(Published in Business Standard today.)
On Wednesday this week, a tribal man in Odissa started walking from a hospital, where his wife had died, towards their village 60-odd kilometres away, carrying her corpse on his shoulder. This wasn’t their tribal custom. It wasn’t a protest. He wasn’t making a point. He simply had no other way of bringing the body home. He didn’t have the wherewithal to negotiate the bureaucracy and fees necessary to avail of an ambulance, and the hospital said it couldn’t help him, so he just wrapped his wife’s body in a cloth and started walking home with his teenaged daughter by his side. They had covered 12km in six hours before someone intervened and summoned an ambulance.
According to various news reports, the hospital denied that it stonewalled Dana Majhi’s requests for help. The district collector said that as soon as she heard, she released Rs 2,000 under a government scheme set up to ensure that the poor can cremate their dead, and why didn’t he wait? The day after the story broke, the Orissa state government finally launched its scheme to make a vehicle available to the poor to transport a body home.
When Majhi set off on his excruciating walk, he wasn’t trying to prove anything, but he did: he proved that even in the face of bereavement, the most natural reflex of Indian officialdom towards the poor is apathy, dismissiveness, denial, severity, passing the buck, finger-pointing, and perhaps a spasm of belated official guilt. It is not attention or service to its people, and it shows an almost pathological inability or unwillingness to empathise. Faced with the distress of the poor, the state either snaps at the sufferer, or shrugs its shoulders, or both. This same Indian officialdom has a completely different natural reflex in the face of money and clout: in that case, it excels at embarrassing servility and unnecessary pomp.

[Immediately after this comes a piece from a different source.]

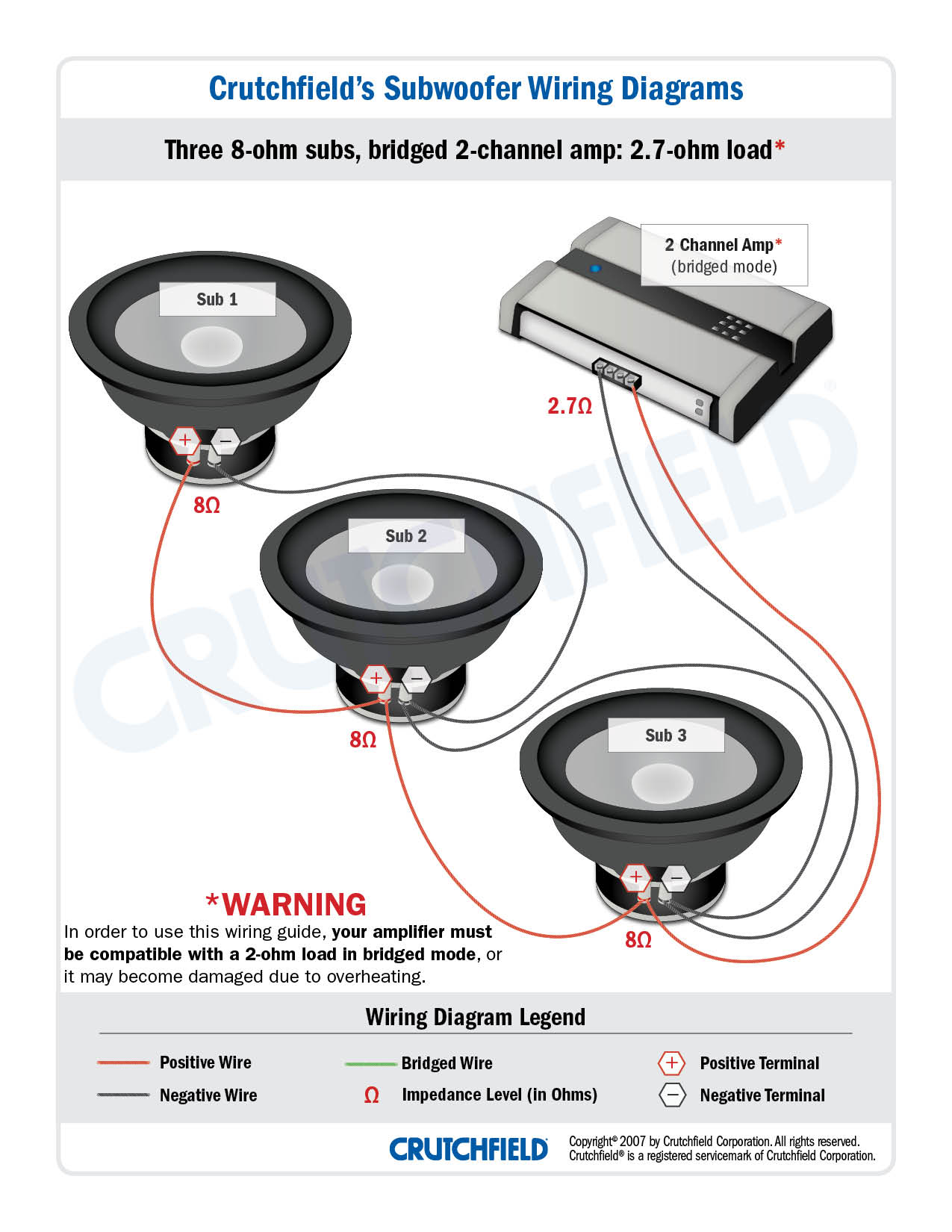 dual 8 ohm subwoofer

Dana Majhi’s walk home is a shrivelling indictment of our humanity and of our priorities.
The outrage of the week, according to the internet’s most active outrageists, was reserved for the fact that after Defence Minister Manohar Parrikar said that Pakistan is hell, actor and member of parliament Ramya said that Pakistan is not hell. For this, she has has been accused of sedition (because ‘how dare she appreciate enemies of India’). That tells you everything you need to know about how far from rationality we have allowed ourselves to drift. But leave the lunatics aside for a minute.

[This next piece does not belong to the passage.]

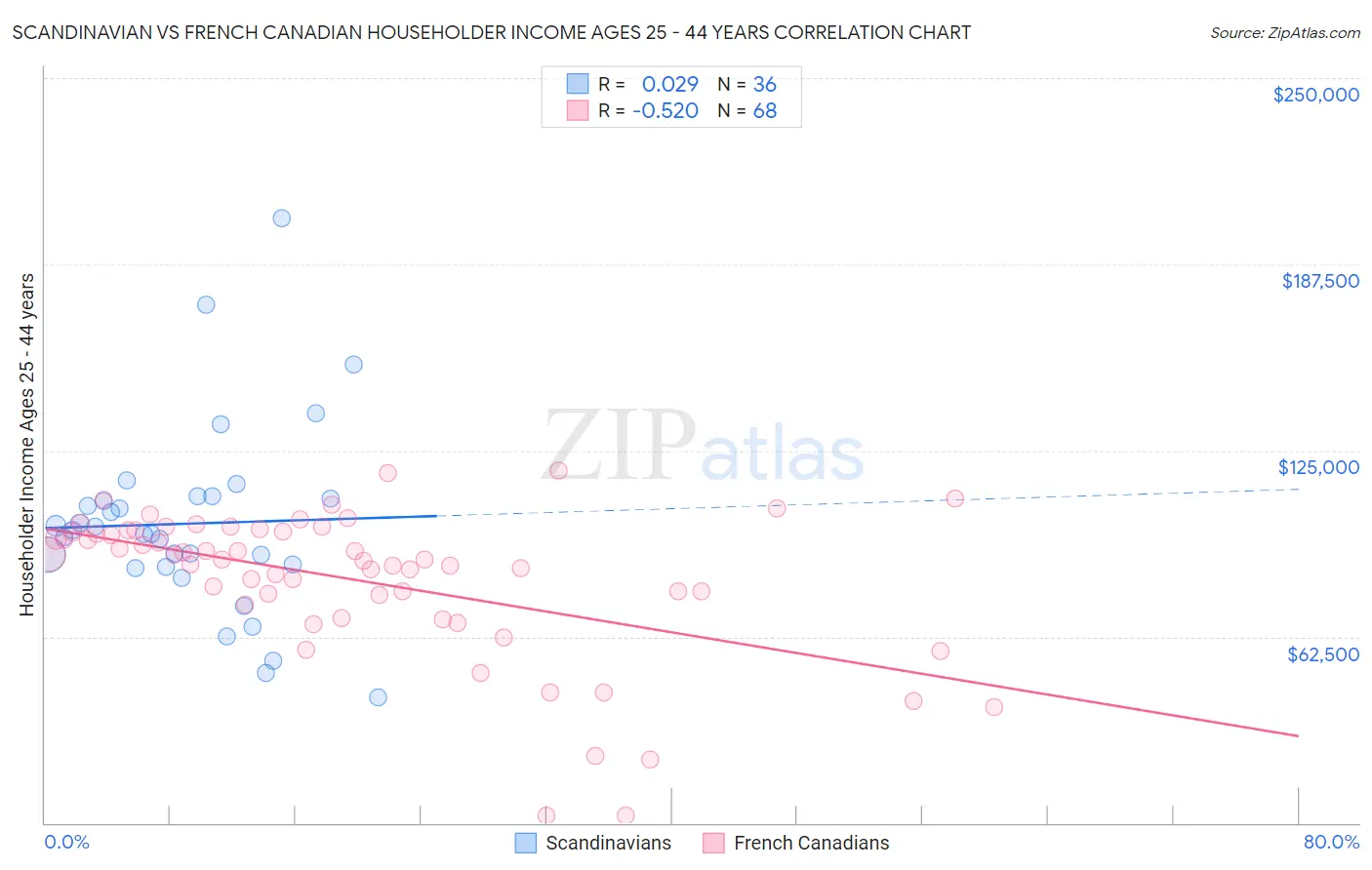 Scandinavian vs French Canadian Householder Income Ages 25 - 44 years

What strikes me again and again is how, in the face of physical and emotional atrocity, the poor present their cases. I cannot count the number of times I’ve watched a television news report, or a film, in which someone who has lived through the most egregious horror, reports it to the camera with an affect so flattened by shock and grief that they might as well be reading a script about someone halfway around the world. We may be a nation that suckles at the melodrama-filled breast of Bollywood, but our most aggrieved people are deadpan, scorched by horror.
And there are so many horrors. One category is politically engineered. I remember a documentary on the Muzaffarnagar riots of 2013—screened two years ago and since then effectively banned—in which villagers described their experience of the Jat-Muslim violence that preceded the general election of May 2014. Person after person described how their spouse or children or other family members were caught, beaten, stabbed, cut to pieces, doused with petrol and set alight. They pointed to the spots where these things happened, and spoke from a place of such emotional devastation that it could be mistaken for composure.
But another, more pervasive category of horror, is the permanent crisis of dealing with life from a position of abject poverty and disempowerment, and being either swatted away, or entirely ignored, by those whose job it is to help. This is the horror that isn’t tucked neatly away behind a denied certification from the Central Board of Film Certification, but that laps at the door of every home, office, and institution in the country. This is where sufferers of personal loss like Dana Majhi are further bloodied by being denied a little dignity, yet do not have the emotional resources to do anything but simply get on with it.
And the third category of horror is that this is the kind of country we can be: increasingly obsessed with commanding the world’s respect, and still unable to confer any on each other. When we speak of that, it doesn’t matter whether it is melodramatically or with composure. What matters is that we speak of it.